Example 6 - Preparation of 3-chloro-N-ethyl-1-(pyridin-3-yl)-1H-pyrazol-4-amine (reverse addition with 3 equivalents of K ₂ CO ₃ )

57.8 g (3 equivalents) potassium carbonate was added to 200 mL of water resulting in a pH of 11.9. According to Example 4, 234.1 g of the hydrolyzed reaction mixture was loaded into the glass reactor via a peristaltic pump at a rate of 10.74 mL/min over 45 minutes. The reactor temperature was maintained within the range of about 23 °C to about 25 °C. After adding the hydrolyzed mixture, the pH of the suspension mixture was about 9.05. Degassing was observed below pH 7.5. No oiling or grinding was observed. The resulting suspension mixture was filtered and the filtered cake was washed with about 118 g of water (corresponding to about twice the mass of the wet filter cake) to give about 45 g of washed wet cake. The washed wet cake was vacuum dried at 50° C. overnight to produce a 29.2 g dry cake. The dry cake was determined to be 97-98% pure with an isolated yield of 91-93%. The slurry loading was 6-7%.

Example 7 - Preparation of 3-chloro-N-ethyl-1-(pyridin-3-yl)-1H-pyrazol-4-amine (reverse addition using K ₂ CO ₃ and 10% KOH pump.)

35.17 g (3 equivalents) potassium carbonate was added to 150 mL of water to produce a pH of 12.3. According to Example 4, 151 g of the hydrolyzed reaction mixture was loaded into a glass reactor via a peristaltic pump over 0.5 hour. The reactor temperature was maintained within the range of about 24°C to about 27°C. The pH of the buffer system was maintained at about pH 9 with the addition of 10% KOH via a pH pump. After adding the hydrolyzed mixture, the pH of the suspension mixture was about 9.1. No outgassing was observed. No oiling or grinding was observed. The resulting suspension mixture was filtered and the filtered cake was washed with about 85 g of DI water (corresponding to about twice the mass of the wet filter cake) to give about 31.5 g of washed wet cake. The washed wet cake was vacuum dried at 50° C. overnight to produce a dry cake of 18.7 g. The dry cake had an isolated yield of 94.2% and was determined to be 96.0% pure. The slurry loading was 4%.

Example 8 - Preparation of 3-chloro-N-ethyl-1-(pyridin-3-yl)-1H-pyrazol-4-amine (reverse addition with ammonium hydroxide)

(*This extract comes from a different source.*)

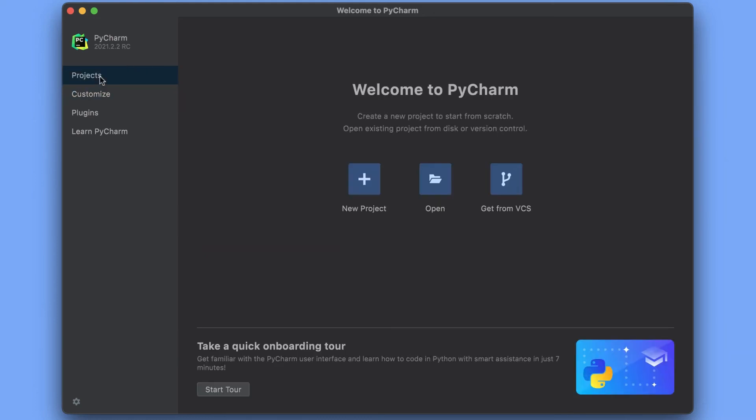And finally, the Projects tab. Here you can create, open, or clone projects to start working. Projects, though, that's the topic of our next video.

76 mL of 29 wt% NH ₄ OH was added into 100 mL of water in a 1 L glass reactor to produce a pH of 12. According to Example 4, about 183 mL (182 g) of the hydrolyzed reaction mixture was loaded into the glass reactor via a peristaltic pump over 70 minutes. The reactor temperature was maintained within the range of about 20 °C to about 25 °C. After adding the hydrolyzed mixture, the pH of the suspension mixture was about 10. Larger crystal clumps with no oiling or grinding were observed. The resulting suspension mixture was filtered and the filtered cake was washed with about 73 g of DI water (corresponding to about twice the mass of the wet filter cake) to give about 36 g of washed wet cake. The washed wet cake was vacuum dried at 50° C. overnight to produce a 23.7 g dry cake. The dry cake had an isolated yield of 95.1% and was determined to be 91.4% pure. The slurry loading was 4.6%.

Example 9 - Preparation of 3-chloro-N-ethyl-1-(pyridin-3-yl)-1H-pyrazol-4-amine (5 equivalents sodium acetate)

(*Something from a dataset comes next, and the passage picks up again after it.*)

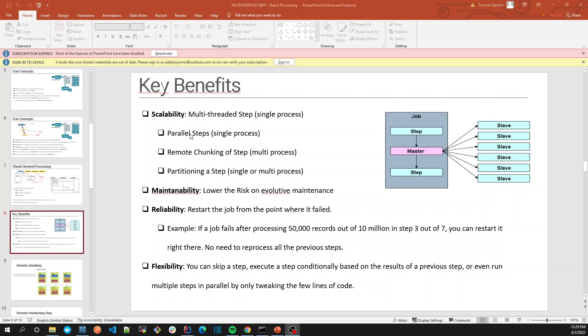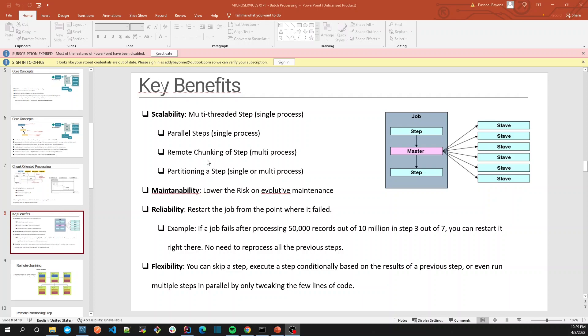Then we're going to use parallel step, running a single process in parallel. Then we're going to use remote checking of a step. And last but not least, we're going to talk about partitioning a step. So it's all about scaling Spring Batch, which is a topic that most people don't have enough knowledge about. I'm studying these technologies as well.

33.6 g (5 equivalents) sodium acetate was added to 100 mL of water resulting in a pH of 9.5. According to Example 4, 141 mL (150 g) of the hydrolyzed reaction mixture was loaded into the glass reactor via a peristaltic pump over 0.5 hour. The reactor temperature was maintained within the range of about 20 °C to about 25 °C. The pH of the buffer system was maintained at about pH 9 with the addition of 10% KOH via a pH pump. After adding the hydrolyzed mixture, the pH of the suspension mixture was about 4.5. No outgassing was observed. No oiling or grinding was observed. The resulting suspension mixture was filtered and the filtered cake was washed with about 92.3 g of DI water (corresponding to about twice the mass of the wet filter cake) to give about 43.9 g of washed wet cake. The washed wet cake was vacuum dried at 50° C. overnight to produce a 17.9 g dry cake. The dry cake had an isolated yield of 86.5% and was determined to be 90.8% pure. The slurry loading was 5.7%.

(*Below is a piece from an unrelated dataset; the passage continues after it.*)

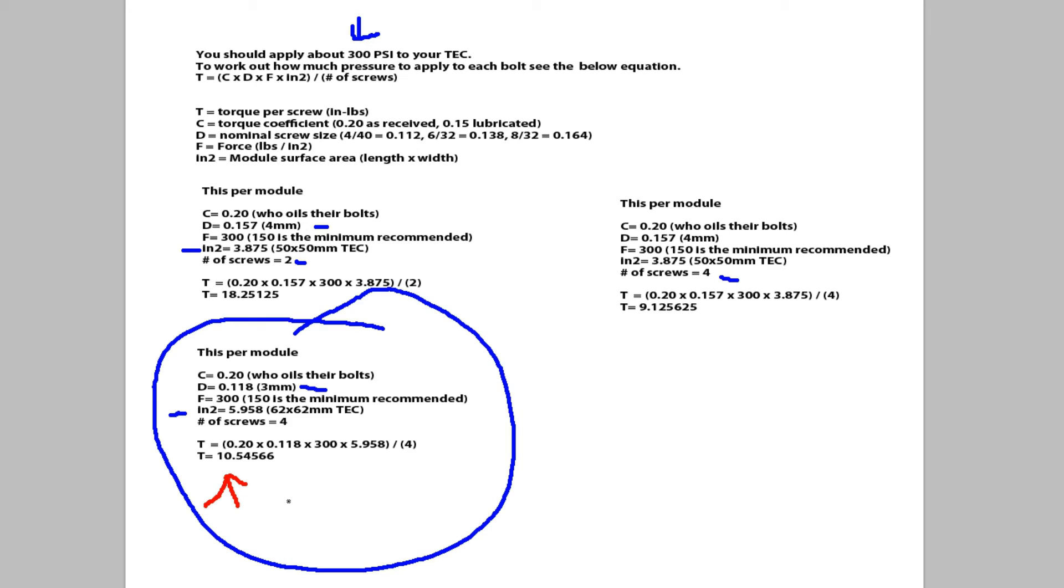So that is TEC pressure. Not a lot you can say about that. Yes you need it. Yes you need the thermal paste on both sides of the TEC. It is a very low number not a very high number. I personally like to apply more pressure than the lowest numbers, but that is just me.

Example 10 - Preparation of 3-chloro-N-ethyl-1-(pyridin-3-yl)-1H-pyrazol-4-amine (8.5 equiv. sodium acetate)

58.6 g (8.4 equivalents) of sodium acetate was added to 150 mL of water to produce a pH of 9. According to Example 4, 160 mL (150.0 g) of the hydrolyzed reaction mixture was loaded into the glass reactor via a peristaltic pump over 1.5 hours. The reactor temperature was maintained in the range of about 24°C to about 26°C. The pH of the buffer system was maintained at about pH 9 with the addition of 10% KOH via a pH pump. After adding the hydrolyzed mixture, the pH of the suspension mixture was about 4.4. No outgassing was observed. No oiling or grinding was observed. The resulting suspension mixture was filtered and the filtered cake was washed with about 94.2 g of DI water (corresponding to about twice the mass of the wet filter cake) to give about 27.2 g of washed wet cake. The washed wet cake was vacuum dried at 50° C. overnight to produce a dry cake of 18.4 g. The dry cake had an isolated yield of 94.9% and was determined to be 96.7% pure. The slurry loading was 5%.

Example 11 - Preparation of 3-chloro-N-ethyl-1-(pyridin-3-yl)-1H-pyrazol-4-amine (5 equiv. triethylamine, TEA)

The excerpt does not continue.